Repeat verbatim each line from the line with "Creative Teaching Press" to the end of the entries. Pictures do not belong in the copy.

## Provided records
■ ■ ■ ■

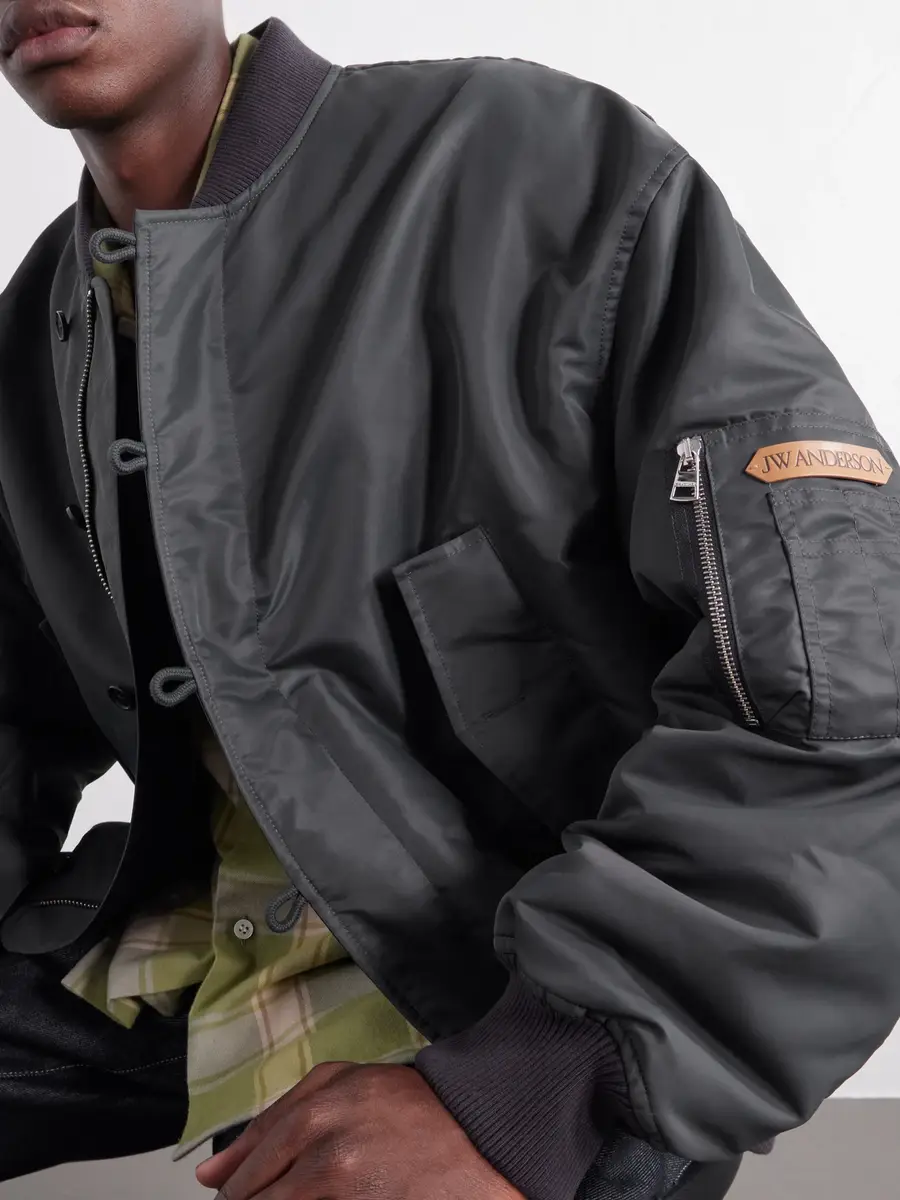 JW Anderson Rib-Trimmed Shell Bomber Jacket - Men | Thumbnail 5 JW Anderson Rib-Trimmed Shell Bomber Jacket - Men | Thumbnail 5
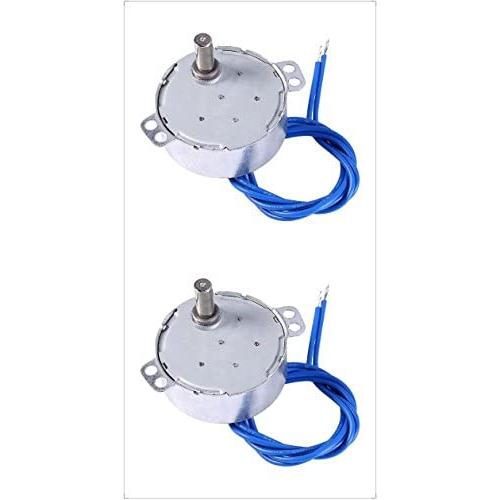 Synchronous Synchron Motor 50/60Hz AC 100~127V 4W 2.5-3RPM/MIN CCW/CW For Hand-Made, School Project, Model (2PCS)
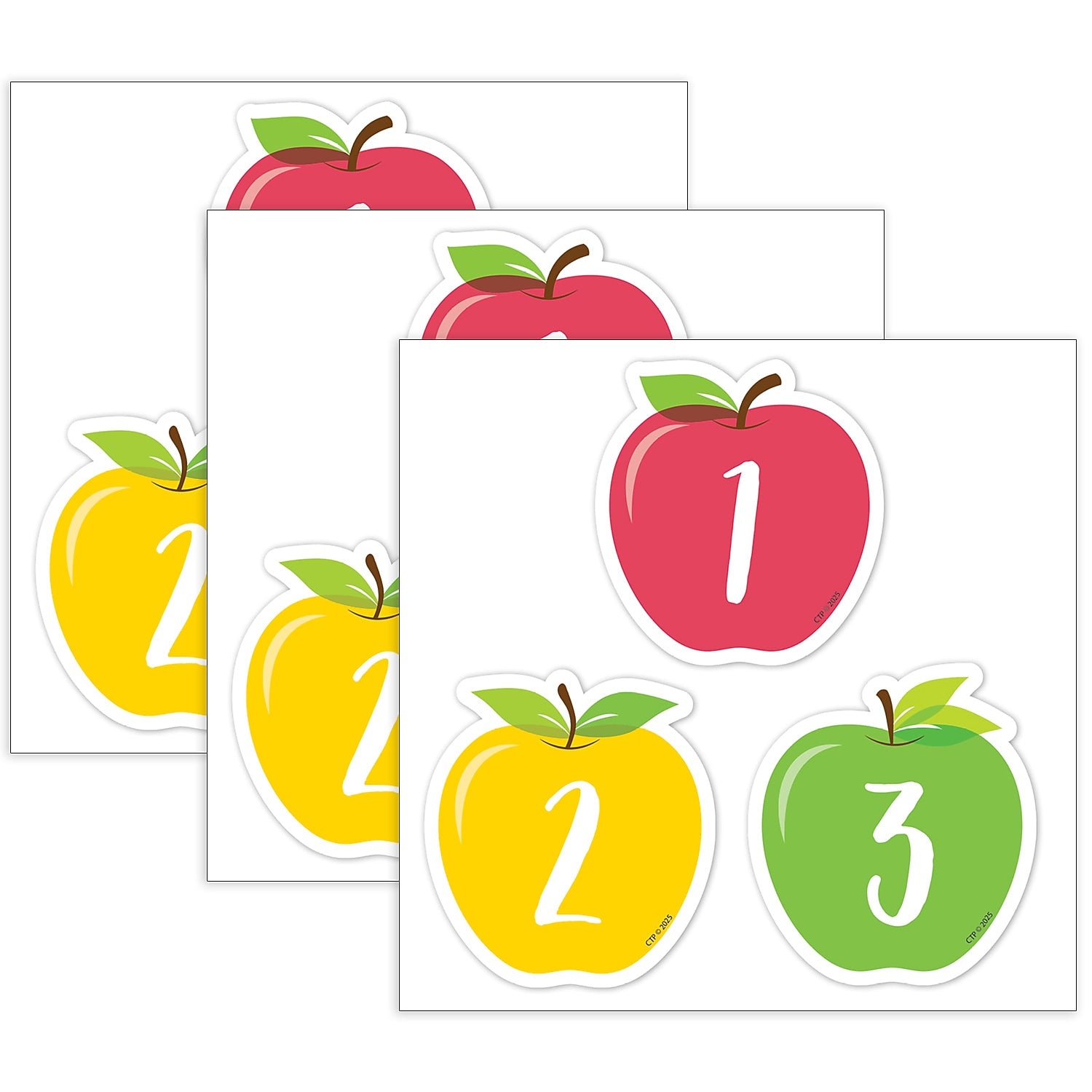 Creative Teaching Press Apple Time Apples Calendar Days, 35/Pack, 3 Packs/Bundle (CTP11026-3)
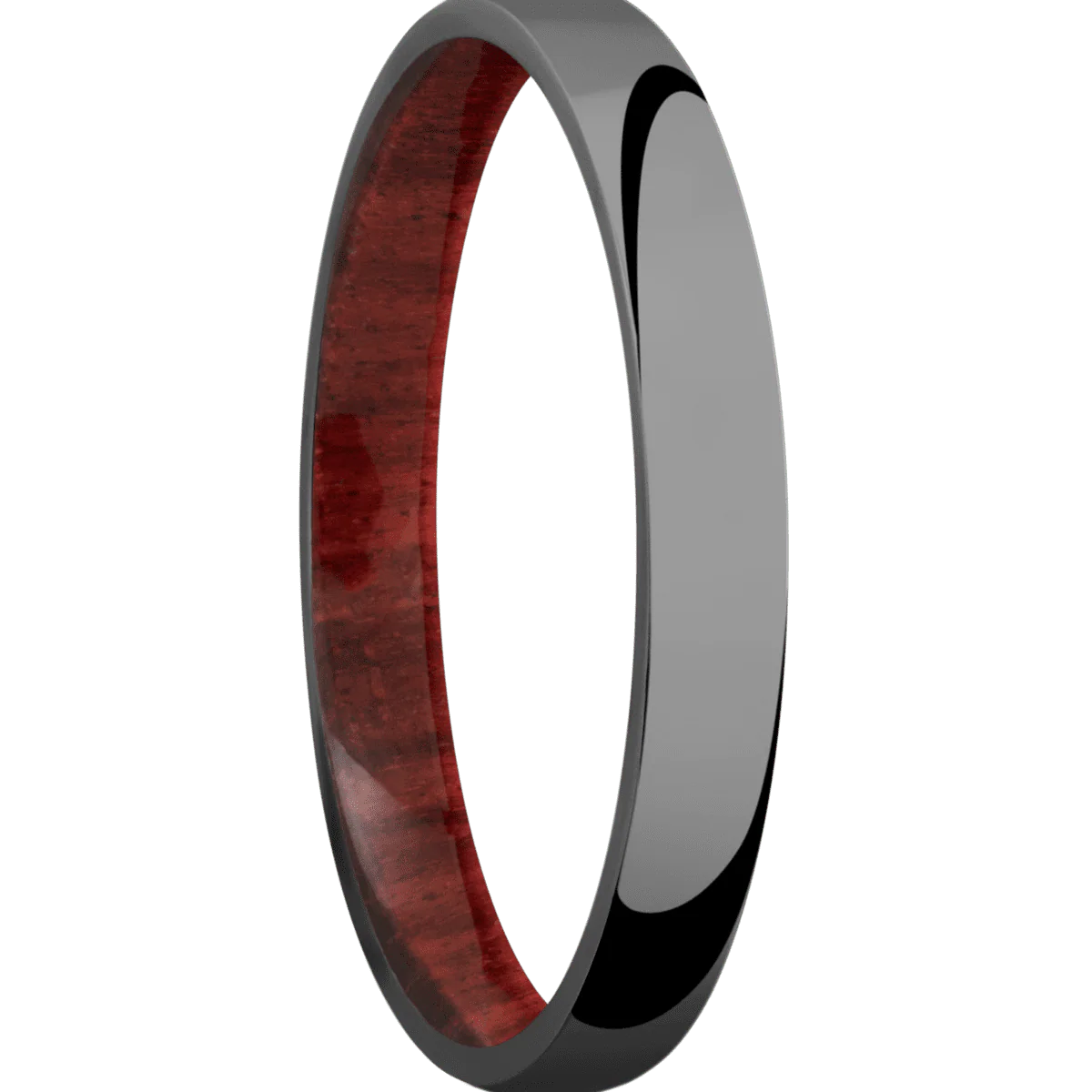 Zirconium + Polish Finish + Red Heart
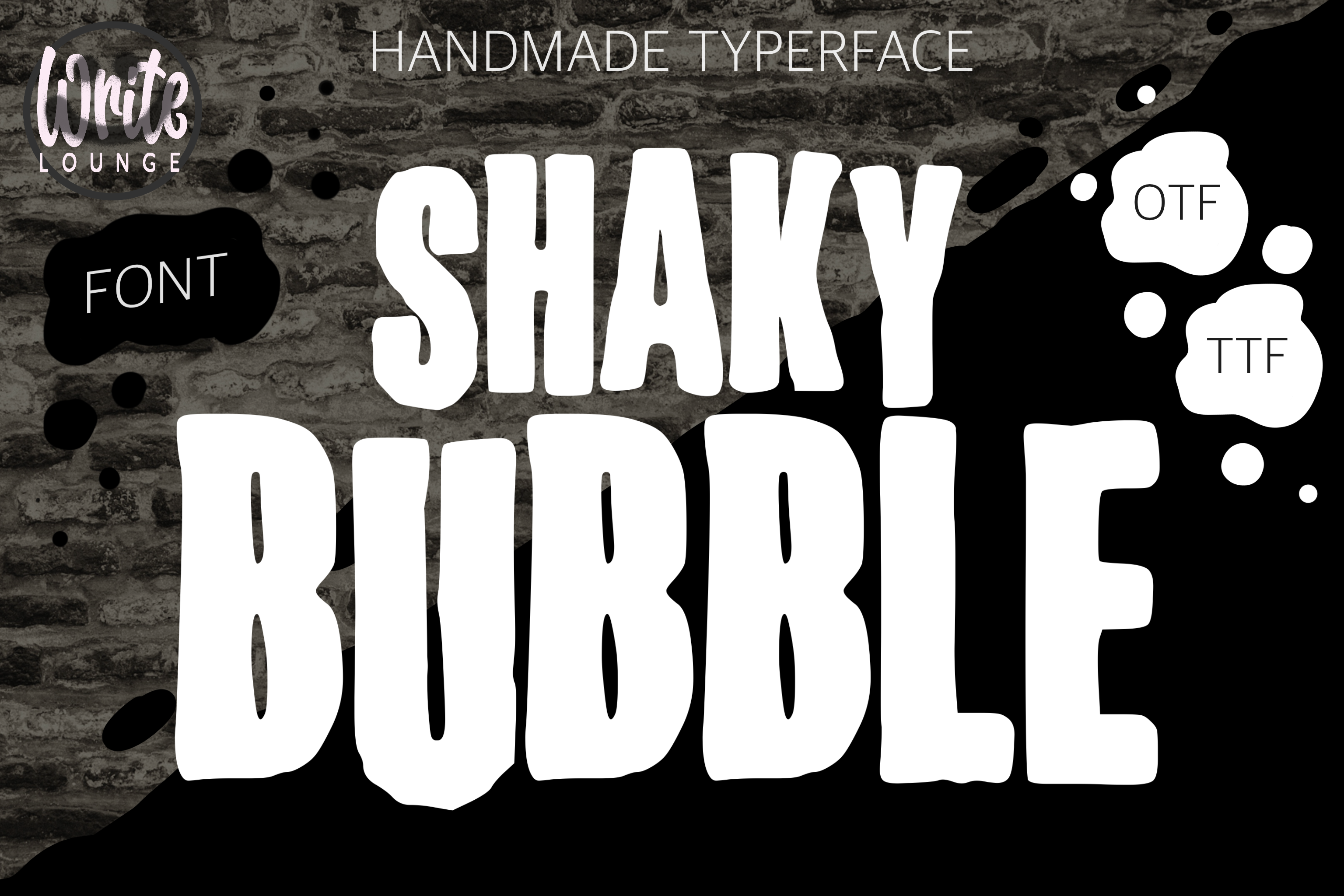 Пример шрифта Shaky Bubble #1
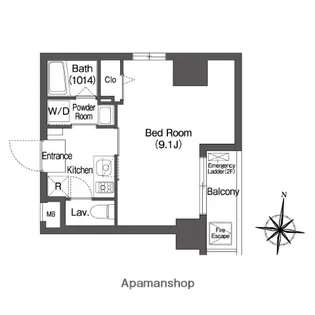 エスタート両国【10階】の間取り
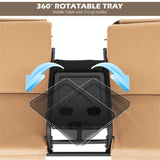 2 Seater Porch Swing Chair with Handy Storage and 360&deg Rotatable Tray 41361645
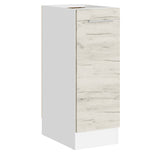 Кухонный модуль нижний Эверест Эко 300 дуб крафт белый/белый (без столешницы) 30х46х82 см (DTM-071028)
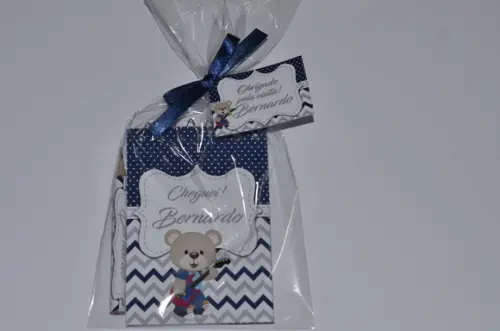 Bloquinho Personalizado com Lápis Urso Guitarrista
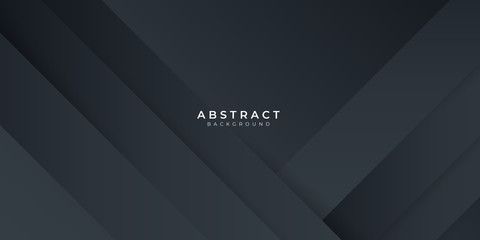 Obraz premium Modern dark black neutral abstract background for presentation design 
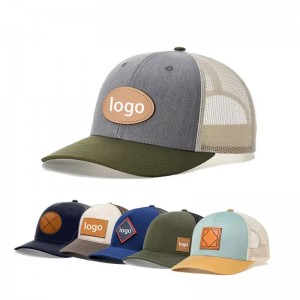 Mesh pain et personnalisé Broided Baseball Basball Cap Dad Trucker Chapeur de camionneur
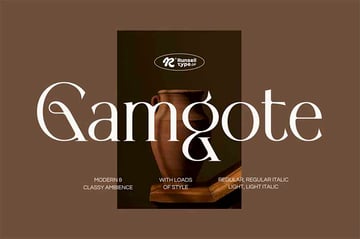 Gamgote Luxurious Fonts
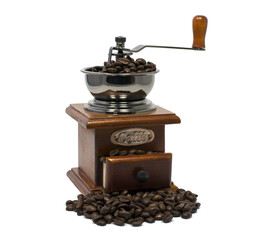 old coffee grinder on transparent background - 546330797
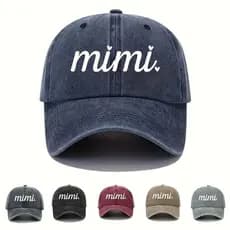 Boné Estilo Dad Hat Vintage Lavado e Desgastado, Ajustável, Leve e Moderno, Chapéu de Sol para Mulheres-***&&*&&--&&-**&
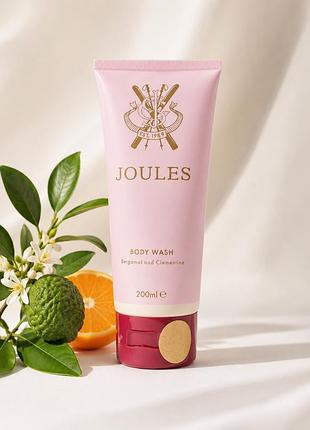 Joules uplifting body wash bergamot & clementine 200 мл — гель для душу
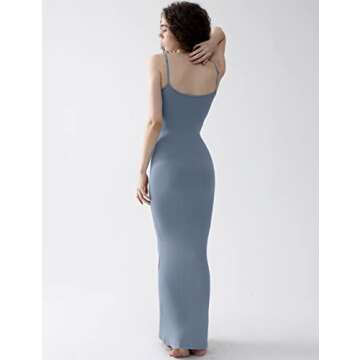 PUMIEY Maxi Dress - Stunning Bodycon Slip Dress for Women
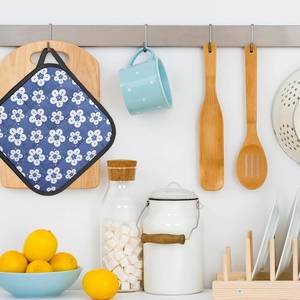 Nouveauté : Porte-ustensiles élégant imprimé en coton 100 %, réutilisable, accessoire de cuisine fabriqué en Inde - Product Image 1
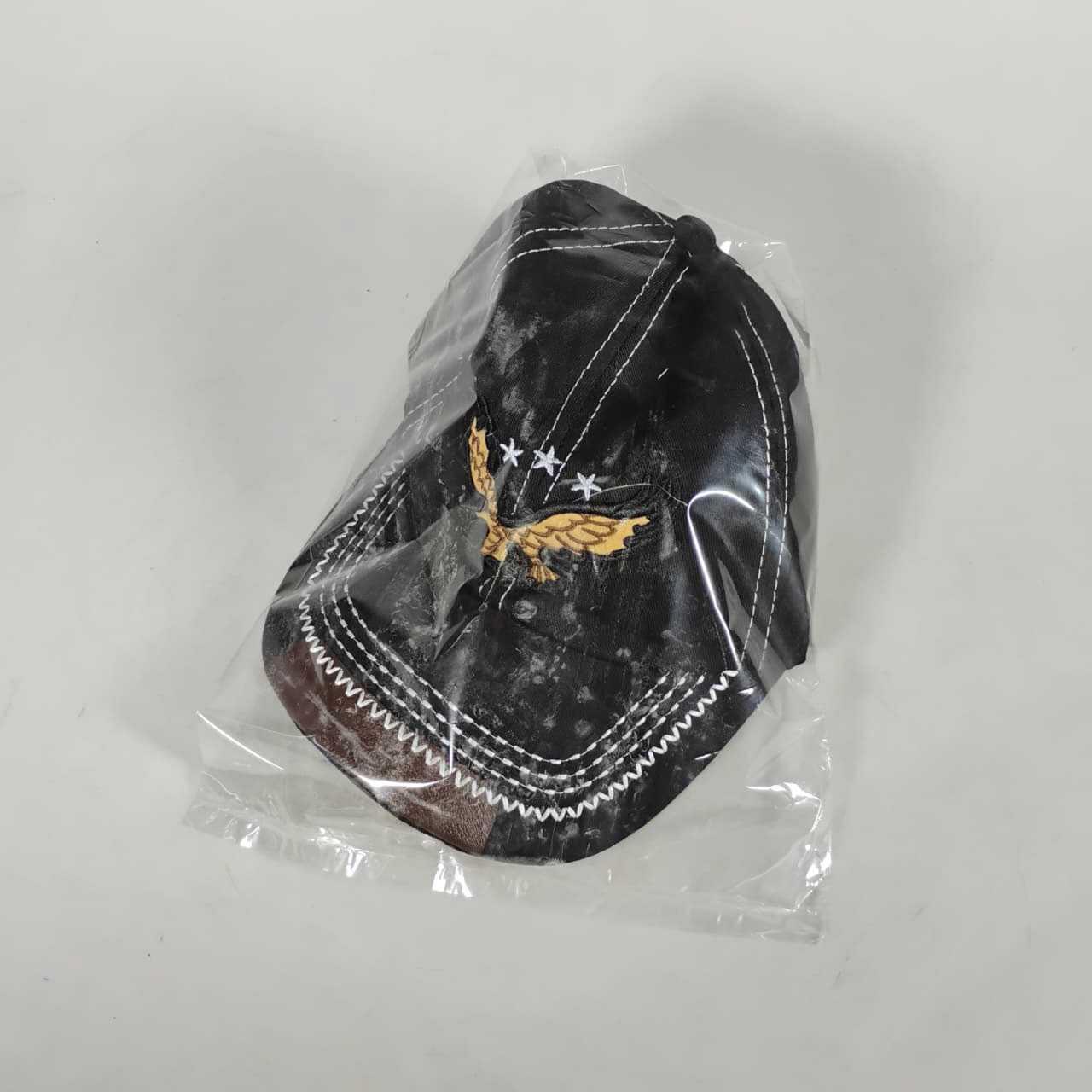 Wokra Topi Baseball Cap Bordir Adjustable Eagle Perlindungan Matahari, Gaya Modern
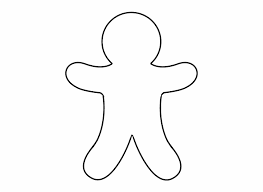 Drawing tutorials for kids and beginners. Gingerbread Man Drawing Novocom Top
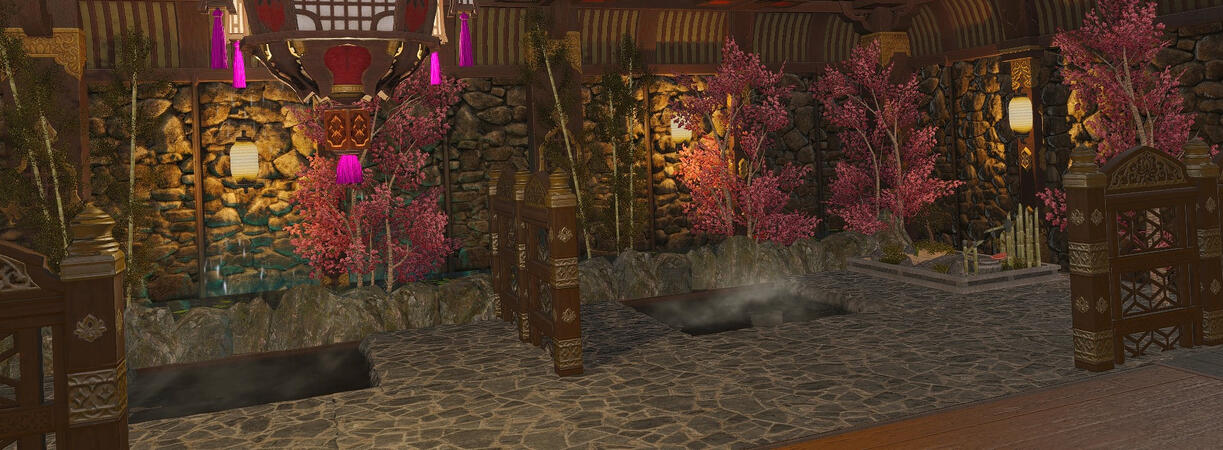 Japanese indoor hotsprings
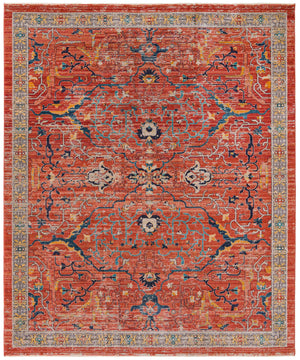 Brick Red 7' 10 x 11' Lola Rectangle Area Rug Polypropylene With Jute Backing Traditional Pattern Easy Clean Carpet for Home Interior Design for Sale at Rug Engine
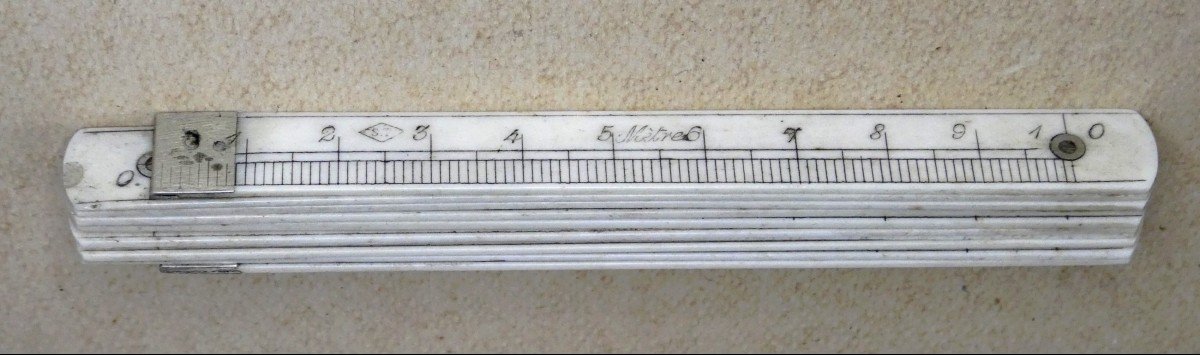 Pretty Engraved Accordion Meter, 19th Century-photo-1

■ ■ ■ ■

## Your solution
 Creative Teaching Press Apple Time Apples Calendar Days, 35/Pack, 3 Packs/Bundle (CTP11026-3)
 Zirconium + Polish Finish + Red Heart
 Пример шрифта Shaky Bubble #1
 エスタート両国【10階】の間取り
 2 Seater Porch Swing Chair with Handy Storage and 360&deg Rotatable Tray 41361645
 Кухонный модуль нижний Эверест Эко 300 дуб крафт белый/белый (без столешницы) 30х46х82 см (DTM-071028)
 Bloquinho Personalizado com Lápis Urso Guitarrista
 Obraz premium Modern dark black neutral abstract background for presentation design 
 Mesh pain et personnalisé Broided Baseball Basball Cap Dad Trucker Chapeur de camionneur
 Gamgote Luxurious Fonts
 old coffee grinder on transparent background - 546330797
 Boné Estilo Dad Hat Vintage Lavado e Desgastado, Ajustável, Leve e Moderno, Chapéu de Sol para Mulheres-***&&*&&--&&-**&
 Joules uplifting body wash bergamot & clementine 200 мл — гель для душу
 PUMIEY Maxi Dress - Stunning Bodycon Slip Dress for Women
 Nouveauté : Porte-ustensiles élégant imprimé en coton 100 %, réutilisable, accessoire de cuisine fabriqué en Inde - Product Image 1
 Wokra Topi Baseball Cap Bordir Adjustable Eagle Perlindungan Matahari, Gaya Modern
 Drawing tutorials for kids and beginners. Gingerbread Man Drawing Novocom Top
 Japanese indoor hotsprings
 Brick Red 7' 10 x 11' Lola Rectangle Area Rug Polypropylene With Jute Backing Traditional Pattern Easy Clean Carpet for Home Interior Design for Sale at Rug Engine
 Pretty Engraved Accordion Meter, 19th Century-photo-1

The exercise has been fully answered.